La Criée de Marseille. ‘Tartuffe’ de Molière revisité par Macha Makeïeff : Mephisto chez Kubrick et Pasolini

Publié le 5 novembre 2021 à  12h25 - Dernière mise à  jour le 2 novembre 2022 à  18h08

Grande comédie qui dénonce hypocrisie et duplicité, le «Tartuffe» de Molière (1669) continue de troubler et donne lieu à des lectures parfois très conventionnelles où les personnages périphériques sont traités de manière superficielle. Avec Macha Makeïef c’est tout le contraire, et nous sommes si surpris par l’audace, l’intelligence, la modernité de sa mise en scène, qui sert néanmoins le texte sans le trahir, que nous avons l’impression de s’immerger dans la pièce pour la première fois.

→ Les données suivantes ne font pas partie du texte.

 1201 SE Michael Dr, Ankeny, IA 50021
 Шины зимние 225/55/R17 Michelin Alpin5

Xavier Gallais et Vincent Winterhalter dans Tartuffe ® Pascal Gely
Xavier Gallais et Vincent Winterhalter dans Tartuffe ® Pascal Gely

Dans un décor futuriste en forme de boîtes à musique géantes, représentant un hôtel particulier avec piste de danse, et chaises bleues disposées derrière un grand rideau blanc, surgissent les protagonistes de cette étrange affaire de mœurs où Tartuffe est une sorte de voyageur sans bagages qui «séant s’impatronise» et s’impose comme le visiteur énigmatique du «Théorème de Pasolini ». Pour accueillir cet «Envoyé», dont on ne sait pas d’où il vient, lui ouvrir sa porte et beaucoup son cœur, beaucoup même, tellement il demeure constamment fasciné par son charisme de prédateur, apparaît Orgon.

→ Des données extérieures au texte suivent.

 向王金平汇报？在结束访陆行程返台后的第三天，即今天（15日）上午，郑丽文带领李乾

En général on rend ce personnage superficiel, le faisant jouer de manière grotesque une partition ridicule. Macha Makeïeff prend le contre-pied de tout cela, et transforme Orgon en chef d’orchestre, administrateur d’une maison qu’il veut préserver de toute agression extérieure, en faisant de lui un être tragique, rongé par la peur du vide, qui parle net, sec, et qui physiquement ressemble à un patron du CAC 40. Comme tous les autres comédiens dirigés par Macha Makeïeff, l’exceptionnel Vincent Winterhalter qui sera sur la scène de La Criée en alternance avec Arthur Igual, ne joue pas son rôle mais l’incarne et nous secoue.

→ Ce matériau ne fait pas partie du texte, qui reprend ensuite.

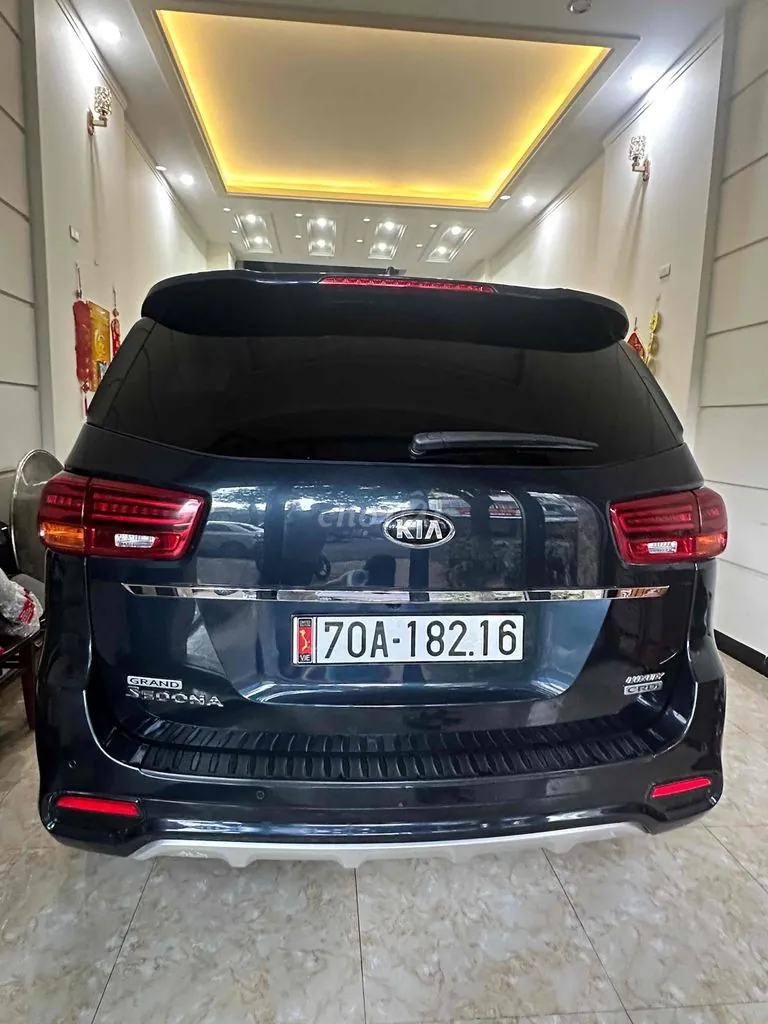 Kia Sedona 2020 photo 3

Tartuffe: des adolescents souffrant de l’égoïsme des adultes ©Pascal Gely
Tartuffe: des adolescents souffrant de l’égoïsme des adultes ©Pascal Gely

Autre qualité majeure de la mise en scène de Macha Makeïeff est la façon dont elle inscrit les jeunes personnages de ce suspense en leur demandant d’illustrer physiquement leurs propos révoltés. Ainsi, adolescents souffrant de l’égoïsme des adultes, écœurés par la présence du prédateur, ils bousculent Tartuffe, le malmènent, le menacent même. Exceptionnels eux aussi, Jean-Baptiste Le Vaillant, -Valère, l’amant de Marianne, enfant gâté, un peu goujat, et très maladroit, dandy libre, libertin, libertaire-, Loïc Mobihan, (Damis le fils d’Orgon) agitant un club de golf qu’il pourrait bien écraser sur la tête de Tartuffe, contribuent à établir un parallèle avec le film de Stanley Kubrick «Orange mécanique» dont nous avons ici quelques éléments en référence. Pour une fois il y a corrélation entre les gestes des personnages et leurs pensées. Présence magnétique aussi de Jin Xuan Mao, qui impose un Cléante, frère d’Elmire comme on ne le voit non plus jamais. Il est combatif, précis dans ses menaces à l’encontre de Tartuffe, et comme les jeunes autres personnages masculins qui ont tous l’âge du rôle, il ne tombe jamais dans les habits décoratifs dont on affuble en général la vision que l’on a d’eux.

Vision féministe

Macha Makeieff livre ici un hymne féministe de vaste ampleur. Avec en tête Dorine (Irina Solano), intrigante émancipée et intrusive, ce sont des combattantes de l’émancipation qui s’agitent ici contre tartuffe. Bouleversante Elmire, l’épouse d’Orgon dont on se dit qu’elle pourrait représenter les mères et les femmes d’aujourd’hui, le rôle étant tenu en mode haut de gamme par Hélène Bressiant. Troublante Mariane fille d’Orgon, déchirée par la décision de son père de se marier avec un homme qui la dégoûte, doit à la prestation nuancée, et puissante de Nacima Bekhtaoui, son côté troublant. En opposition, comme pour mieux faire ressortir les qualités morales des membres de la maison Madame Pernelle, la mère d’Orgon qui veut qu’on la délivre de tous, est ici présentée comme une allumée, finissant certaines de ses phrases en mode envolée lyrique. Jeanne-Marie Lévy est dans cet emploi irrésistible de drôlerie, et rend la pièce très musicale. Avec d’ailleurs une référence très précise à l’opéra «La flûte enchantée» et une sorte de chorégraphie autour de la scène où l’on voit les prêtres du Temple des épreuves.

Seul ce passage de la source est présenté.